FEDERAL COURT OF AUSTRALIA
Starkey on behalf of the Kokatha People v State of South Australia [2016] FCA 1577
ORDERS
DATE OF ORDER: |
THE COURT ORDERS THAT:
1. Exhibits A1 and A2 are at the conclusion of this hearing to be placed in a sealed envelope and to be marked confidential and not to be opened without leave of a Judge of the Court.
2. I direct pursuant to s 37AF of the Federal Court of Australia Act 1976 (Cth) and r 34.120 of the Federal Court Rules 2011 (Cth) that copies of Exhibits A1 and A2 provided by the Applicant to the parties are not to be distributed beyond counsel and solicitors for the respective parties.
3. The interlocutory application filed 12 December 2016 be dismissed.
4. Costs be reserved.
Note: Entry of orders is dealt with in Rule 39.32 of the Federal Court Rules 2011.
EX TEMPORE REASONS FOR JUDGMENT
WHITE J:
1 On 9 August 2016, Mansfield J delivered judgment in the proceedings known as the Lake Torrens overlap proceeding. That proceeding concerned overlapping claims made by the Kokatha People, the Adnyamathanha People and the Barngarla People for determinations of native title in respect of the land and waters of Lake Torrens in the far north of South Australia.
2 By orders made that day, Mansfield J dismissed each of the applications: that made by the Kokatha People by Order No. 1; that made by the Adnyamathanha People by Order No. 2; and that made by the Barngarla People by Order No. 3. All three applicants have filed appeals against the dismissal of their respective applications. The appeals are to be heard in a single hearing in the week commencing on 27 February 2017. The judges designated by the Chief Justice to hear the appeal are Reeves, Jagot and White JJ.
3 I am concerned presently with an interlocutory application filed by the Kokatha People of 12 December 2016. By that application, the Kokatha People seek, first, an order staying the execution of the order made by Mansfield J on 9 August 2016 dismissing their application. The stay is sought until judgment of the Full Court, or at least until 27 February 2017, when the appeal hearing is to commence, with the prospect that an extension of the stay would then be sought from the Full Court.
4 The Kokatha People seek that order because the holders of exploration licences over Lake Torrens (Straits Exploration (Australia) Pty Ltd and Kelaray Pty Ltd (Kelaray)) or their joint venture partners have, by announcement to the Australian Stock Exchange, indicated that they intend, as soon as practicable, and in any event, before the judgment of the Full Court, to commence exploration activities, including by drilling, on Lake Torrens. To this end, on 16 November 2016 they served on the South Australian Native Title Services (SANTS), notices pursuant to s 63N of the Mining Act 1971 (SA) (the Mining Act). The effect of the notices is that from 16 January 2017, the exploration licence holders will, unless restrained by injunction, be able to apply ex parte to the Environment Resources and Development Court of South Australia (the ERD Court), pursuant to s 63N of the Mining Act for a summary determination authorising entry to the land for the purpose of carrying out mining operations, as well as the conduct of mining operations, and the ERD Court will then be obliged to make such a determination.

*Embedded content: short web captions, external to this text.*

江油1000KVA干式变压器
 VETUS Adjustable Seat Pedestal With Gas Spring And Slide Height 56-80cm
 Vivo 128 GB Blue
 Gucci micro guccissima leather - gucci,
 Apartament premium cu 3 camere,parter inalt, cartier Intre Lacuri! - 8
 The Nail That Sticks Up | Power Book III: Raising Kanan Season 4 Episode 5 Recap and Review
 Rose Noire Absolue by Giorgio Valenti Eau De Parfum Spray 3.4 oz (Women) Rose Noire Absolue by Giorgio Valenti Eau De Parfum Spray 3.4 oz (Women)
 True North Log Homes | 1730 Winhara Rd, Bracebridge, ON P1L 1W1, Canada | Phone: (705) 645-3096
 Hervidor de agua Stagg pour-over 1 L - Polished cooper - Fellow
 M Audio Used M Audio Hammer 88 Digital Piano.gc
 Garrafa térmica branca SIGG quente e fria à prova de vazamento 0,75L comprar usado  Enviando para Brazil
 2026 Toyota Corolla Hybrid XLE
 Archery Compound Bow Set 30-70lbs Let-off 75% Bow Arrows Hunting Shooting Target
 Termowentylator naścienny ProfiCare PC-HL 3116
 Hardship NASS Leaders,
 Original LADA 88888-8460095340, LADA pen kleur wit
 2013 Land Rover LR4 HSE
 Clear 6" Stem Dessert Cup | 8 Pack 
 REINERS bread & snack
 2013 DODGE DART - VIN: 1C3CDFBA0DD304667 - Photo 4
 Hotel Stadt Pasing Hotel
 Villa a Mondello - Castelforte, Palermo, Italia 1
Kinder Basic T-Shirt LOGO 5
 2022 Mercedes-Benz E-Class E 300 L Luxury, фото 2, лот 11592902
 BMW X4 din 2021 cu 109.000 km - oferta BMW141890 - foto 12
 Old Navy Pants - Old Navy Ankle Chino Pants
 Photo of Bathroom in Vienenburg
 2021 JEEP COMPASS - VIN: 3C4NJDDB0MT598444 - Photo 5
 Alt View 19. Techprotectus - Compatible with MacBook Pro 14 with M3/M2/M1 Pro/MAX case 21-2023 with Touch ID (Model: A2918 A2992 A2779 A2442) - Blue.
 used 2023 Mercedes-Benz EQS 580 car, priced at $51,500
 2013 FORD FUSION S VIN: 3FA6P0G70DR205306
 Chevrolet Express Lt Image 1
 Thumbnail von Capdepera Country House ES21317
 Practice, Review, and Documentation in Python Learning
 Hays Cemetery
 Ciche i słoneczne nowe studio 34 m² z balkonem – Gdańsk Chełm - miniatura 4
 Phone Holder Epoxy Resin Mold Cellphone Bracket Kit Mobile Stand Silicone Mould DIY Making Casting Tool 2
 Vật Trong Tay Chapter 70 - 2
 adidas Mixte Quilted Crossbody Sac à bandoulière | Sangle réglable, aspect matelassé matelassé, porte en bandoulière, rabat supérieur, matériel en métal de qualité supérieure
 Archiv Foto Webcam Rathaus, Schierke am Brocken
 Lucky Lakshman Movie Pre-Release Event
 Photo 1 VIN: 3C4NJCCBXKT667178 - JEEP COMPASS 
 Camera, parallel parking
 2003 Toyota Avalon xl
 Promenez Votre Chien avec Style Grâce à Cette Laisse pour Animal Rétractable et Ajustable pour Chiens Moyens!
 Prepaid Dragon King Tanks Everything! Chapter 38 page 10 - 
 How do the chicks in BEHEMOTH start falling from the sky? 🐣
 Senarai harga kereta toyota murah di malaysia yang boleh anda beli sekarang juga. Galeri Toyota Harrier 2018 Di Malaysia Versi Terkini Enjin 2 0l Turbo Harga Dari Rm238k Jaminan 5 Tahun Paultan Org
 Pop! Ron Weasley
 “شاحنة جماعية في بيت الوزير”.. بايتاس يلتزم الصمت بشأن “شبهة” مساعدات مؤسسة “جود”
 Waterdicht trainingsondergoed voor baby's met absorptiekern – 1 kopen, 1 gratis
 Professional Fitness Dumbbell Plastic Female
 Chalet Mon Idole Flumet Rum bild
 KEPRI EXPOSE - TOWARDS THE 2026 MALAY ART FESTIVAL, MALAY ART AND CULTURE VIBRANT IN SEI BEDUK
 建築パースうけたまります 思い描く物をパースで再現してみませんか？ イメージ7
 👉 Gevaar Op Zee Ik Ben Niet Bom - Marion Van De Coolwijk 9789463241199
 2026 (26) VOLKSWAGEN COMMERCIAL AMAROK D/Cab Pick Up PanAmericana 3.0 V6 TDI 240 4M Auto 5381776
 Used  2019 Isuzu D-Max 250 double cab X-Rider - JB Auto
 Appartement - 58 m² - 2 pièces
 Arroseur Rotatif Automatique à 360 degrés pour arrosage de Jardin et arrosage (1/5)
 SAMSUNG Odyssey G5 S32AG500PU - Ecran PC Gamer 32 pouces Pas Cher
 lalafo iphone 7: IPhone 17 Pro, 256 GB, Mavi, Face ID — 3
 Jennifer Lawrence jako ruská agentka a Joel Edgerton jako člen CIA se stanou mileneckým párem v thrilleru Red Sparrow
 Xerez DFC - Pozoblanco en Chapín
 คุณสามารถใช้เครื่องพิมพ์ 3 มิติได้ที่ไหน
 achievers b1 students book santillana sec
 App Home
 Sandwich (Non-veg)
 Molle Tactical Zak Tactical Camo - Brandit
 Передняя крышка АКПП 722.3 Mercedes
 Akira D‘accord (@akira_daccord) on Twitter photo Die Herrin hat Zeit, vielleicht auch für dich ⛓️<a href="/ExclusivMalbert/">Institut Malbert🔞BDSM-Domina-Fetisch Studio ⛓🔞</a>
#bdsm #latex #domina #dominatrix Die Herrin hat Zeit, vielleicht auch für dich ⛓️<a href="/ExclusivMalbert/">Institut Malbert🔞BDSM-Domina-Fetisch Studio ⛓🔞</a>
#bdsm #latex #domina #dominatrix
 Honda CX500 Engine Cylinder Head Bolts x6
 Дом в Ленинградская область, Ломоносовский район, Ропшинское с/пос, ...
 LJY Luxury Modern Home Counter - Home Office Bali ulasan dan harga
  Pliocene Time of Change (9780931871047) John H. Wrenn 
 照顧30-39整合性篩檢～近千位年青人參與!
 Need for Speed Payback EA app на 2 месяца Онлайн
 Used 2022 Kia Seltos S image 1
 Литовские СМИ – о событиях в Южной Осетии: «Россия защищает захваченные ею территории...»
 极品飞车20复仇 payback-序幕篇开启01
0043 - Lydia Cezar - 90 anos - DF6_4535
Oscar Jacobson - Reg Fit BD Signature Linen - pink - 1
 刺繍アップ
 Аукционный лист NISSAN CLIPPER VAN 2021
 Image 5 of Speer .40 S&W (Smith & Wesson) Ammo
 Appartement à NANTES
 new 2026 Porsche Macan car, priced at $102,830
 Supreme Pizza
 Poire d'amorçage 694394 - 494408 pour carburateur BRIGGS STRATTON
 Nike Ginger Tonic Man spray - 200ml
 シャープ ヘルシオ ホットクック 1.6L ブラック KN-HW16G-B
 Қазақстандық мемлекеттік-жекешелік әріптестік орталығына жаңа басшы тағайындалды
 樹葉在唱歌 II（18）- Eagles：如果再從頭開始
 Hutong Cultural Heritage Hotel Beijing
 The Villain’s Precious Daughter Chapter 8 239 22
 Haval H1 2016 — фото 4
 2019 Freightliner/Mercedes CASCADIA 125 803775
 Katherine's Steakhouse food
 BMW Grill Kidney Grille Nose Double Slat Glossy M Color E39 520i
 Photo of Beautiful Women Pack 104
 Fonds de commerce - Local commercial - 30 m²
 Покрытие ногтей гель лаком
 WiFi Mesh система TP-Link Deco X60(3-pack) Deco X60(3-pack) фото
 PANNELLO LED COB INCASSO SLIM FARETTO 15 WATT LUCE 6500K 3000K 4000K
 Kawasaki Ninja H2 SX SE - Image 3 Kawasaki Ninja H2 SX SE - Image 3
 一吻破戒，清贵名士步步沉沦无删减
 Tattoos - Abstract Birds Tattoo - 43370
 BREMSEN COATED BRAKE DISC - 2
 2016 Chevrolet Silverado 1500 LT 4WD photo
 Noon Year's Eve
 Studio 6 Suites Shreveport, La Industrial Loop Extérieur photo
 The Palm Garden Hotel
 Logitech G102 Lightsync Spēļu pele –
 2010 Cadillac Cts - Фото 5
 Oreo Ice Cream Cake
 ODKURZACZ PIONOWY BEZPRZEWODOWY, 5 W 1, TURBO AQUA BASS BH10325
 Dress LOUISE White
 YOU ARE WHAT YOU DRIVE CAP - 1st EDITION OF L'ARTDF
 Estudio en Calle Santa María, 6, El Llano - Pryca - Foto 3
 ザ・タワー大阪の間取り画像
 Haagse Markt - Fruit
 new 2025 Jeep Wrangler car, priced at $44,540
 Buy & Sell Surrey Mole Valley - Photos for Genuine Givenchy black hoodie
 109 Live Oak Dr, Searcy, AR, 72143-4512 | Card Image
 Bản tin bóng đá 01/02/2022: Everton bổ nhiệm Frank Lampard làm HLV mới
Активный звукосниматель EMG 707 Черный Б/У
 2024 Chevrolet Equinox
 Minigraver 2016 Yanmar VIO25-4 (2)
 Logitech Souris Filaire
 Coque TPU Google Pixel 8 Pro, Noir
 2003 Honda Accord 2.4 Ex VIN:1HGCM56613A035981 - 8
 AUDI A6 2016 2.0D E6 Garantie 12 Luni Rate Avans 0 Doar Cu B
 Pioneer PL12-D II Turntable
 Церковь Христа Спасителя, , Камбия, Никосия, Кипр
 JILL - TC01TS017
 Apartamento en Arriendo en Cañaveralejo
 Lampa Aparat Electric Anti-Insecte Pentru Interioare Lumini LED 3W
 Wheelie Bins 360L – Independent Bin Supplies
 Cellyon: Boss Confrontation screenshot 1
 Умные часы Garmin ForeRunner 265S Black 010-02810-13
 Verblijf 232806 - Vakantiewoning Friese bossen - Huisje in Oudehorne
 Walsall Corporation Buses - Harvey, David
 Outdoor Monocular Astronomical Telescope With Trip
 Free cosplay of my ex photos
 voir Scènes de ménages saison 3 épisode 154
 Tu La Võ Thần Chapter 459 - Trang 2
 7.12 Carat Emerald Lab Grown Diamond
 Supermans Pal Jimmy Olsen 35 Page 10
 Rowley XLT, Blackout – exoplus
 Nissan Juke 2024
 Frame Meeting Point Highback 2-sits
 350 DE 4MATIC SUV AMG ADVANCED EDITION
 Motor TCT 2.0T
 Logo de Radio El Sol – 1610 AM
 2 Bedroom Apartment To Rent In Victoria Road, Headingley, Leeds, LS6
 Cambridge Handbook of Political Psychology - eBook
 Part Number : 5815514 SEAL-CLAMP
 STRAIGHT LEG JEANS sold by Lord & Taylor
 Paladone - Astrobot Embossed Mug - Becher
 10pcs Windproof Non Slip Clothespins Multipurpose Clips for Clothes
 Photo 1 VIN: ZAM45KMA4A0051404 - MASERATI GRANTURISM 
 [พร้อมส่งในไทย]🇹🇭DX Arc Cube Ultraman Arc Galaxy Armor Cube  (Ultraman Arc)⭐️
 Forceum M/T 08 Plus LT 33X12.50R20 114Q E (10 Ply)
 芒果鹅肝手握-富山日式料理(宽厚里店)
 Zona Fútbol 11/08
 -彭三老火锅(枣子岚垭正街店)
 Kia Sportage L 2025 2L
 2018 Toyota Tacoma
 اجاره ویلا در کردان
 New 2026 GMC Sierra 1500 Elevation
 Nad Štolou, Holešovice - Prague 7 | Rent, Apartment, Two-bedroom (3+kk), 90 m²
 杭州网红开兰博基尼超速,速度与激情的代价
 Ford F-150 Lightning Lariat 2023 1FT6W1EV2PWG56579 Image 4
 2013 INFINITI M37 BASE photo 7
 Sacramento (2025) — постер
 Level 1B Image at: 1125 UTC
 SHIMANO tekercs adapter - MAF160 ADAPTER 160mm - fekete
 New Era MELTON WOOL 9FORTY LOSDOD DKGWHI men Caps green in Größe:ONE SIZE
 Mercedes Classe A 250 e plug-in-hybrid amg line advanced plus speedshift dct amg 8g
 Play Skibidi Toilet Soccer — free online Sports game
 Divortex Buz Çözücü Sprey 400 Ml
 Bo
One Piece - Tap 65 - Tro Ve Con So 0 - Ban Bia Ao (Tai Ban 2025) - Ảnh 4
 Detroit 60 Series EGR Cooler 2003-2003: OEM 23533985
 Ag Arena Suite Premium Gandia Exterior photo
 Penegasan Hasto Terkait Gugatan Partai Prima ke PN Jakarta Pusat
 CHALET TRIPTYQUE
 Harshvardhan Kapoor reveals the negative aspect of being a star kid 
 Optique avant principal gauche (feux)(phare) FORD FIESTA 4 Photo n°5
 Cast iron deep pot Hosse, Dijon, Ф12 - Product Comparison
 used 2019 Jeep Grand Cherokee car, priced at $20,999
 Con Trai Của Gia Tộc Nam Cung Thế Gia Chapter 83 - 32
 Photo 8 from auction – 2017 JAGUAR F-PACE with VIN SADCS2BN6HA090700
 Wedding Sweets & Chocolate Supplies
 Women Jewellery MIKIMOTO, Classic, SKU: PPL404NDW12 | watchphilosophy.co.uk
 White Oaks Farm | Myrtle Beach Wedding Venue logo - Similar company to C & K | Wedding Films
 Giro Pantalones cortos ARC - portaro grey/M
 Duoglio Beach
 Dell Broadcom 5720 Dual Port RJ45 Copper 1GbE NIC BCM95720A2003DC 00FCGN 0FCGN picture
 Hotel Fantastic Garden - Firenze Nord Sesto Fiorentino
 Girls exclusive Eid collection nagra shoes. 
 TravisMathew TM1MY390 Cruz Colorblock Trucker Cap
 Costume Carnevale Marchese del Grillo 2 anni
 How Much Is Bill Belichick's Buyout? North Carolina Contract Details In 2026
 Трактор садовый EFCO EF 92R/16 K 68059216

5 The Kokatha People are concerned about the prejudice which such activities may cause to their cultural and spiritual beliefs and their rights and interests in the event that their appeal succeeds. This is especially as the detriments which they fear they will suffer may not be compensable in damages, or at least fully compensable in damages.
6 The Kokatha People made their application for a stay initially pursuant to r 36.08 of the Federal Court Rules 2011 (Cth) (the FCR). Subrules (1) and (2) in r 36.08 provide:
(1) An appeal does not:
(a) operate as a stay of execution or a stay of any proceedings under the judgment subject to the appeal; or
(b) invalidate any proceedings already taken.
(2) However, an appellant or interested person may apply to the Court for an order to stay the execution of the proceeding until the appeal is heard and determined.
7 The Kokatha People’s application is of a kind to which s 25(2B) of the Federal Court of Australia Act 1976 (Cth) refers and, accordingly, subject to one qualification, an application which may be dealt with by a single Judge of this Court. The qualification arises from s 25(2BB) which provides:
An application for the exercise of a power mentioned in subsection (2B) must be heard and determined by a single Judge unless:
(a) a Judge directs that the application be heard and determined by a Full Court; or
(b) the application is made in a proceeding that has already been assigned to a Full Court and the Full Court considers it is appropriate for it to hear and determine the application.
8 The effect of (2BB) is that an interlocutory application of the present kind must be heard and determined by a single Judge, unless the proceeding is one which has already been assigned to a Full Court, and that Full Court considers that it is appropriate for it to hear and determine the application. The meaning of the word “assigned” in this context is not clear. However, in Bradken Limited v Norcast S.ár.L [2013] FCAFC 123, the Full Court at [16] proceeded on the basis that such an assignment has occurred when the Coram, that is to say the particular judges who will hear the appeal, have been identified. See also Taylor v Crossman [2011] FCAFC 139 at [7]-[8]. It is not necessary to consider this question in any detail presently, as the members of the Full Court who are to hear the appeals in the present matters have agreed that it is appropriate for me, as a single Judge, to deal with the application of the Kokatha People. No party has objected for the Court, comprised of a single Judge, dealing with the application by the Kokatha People.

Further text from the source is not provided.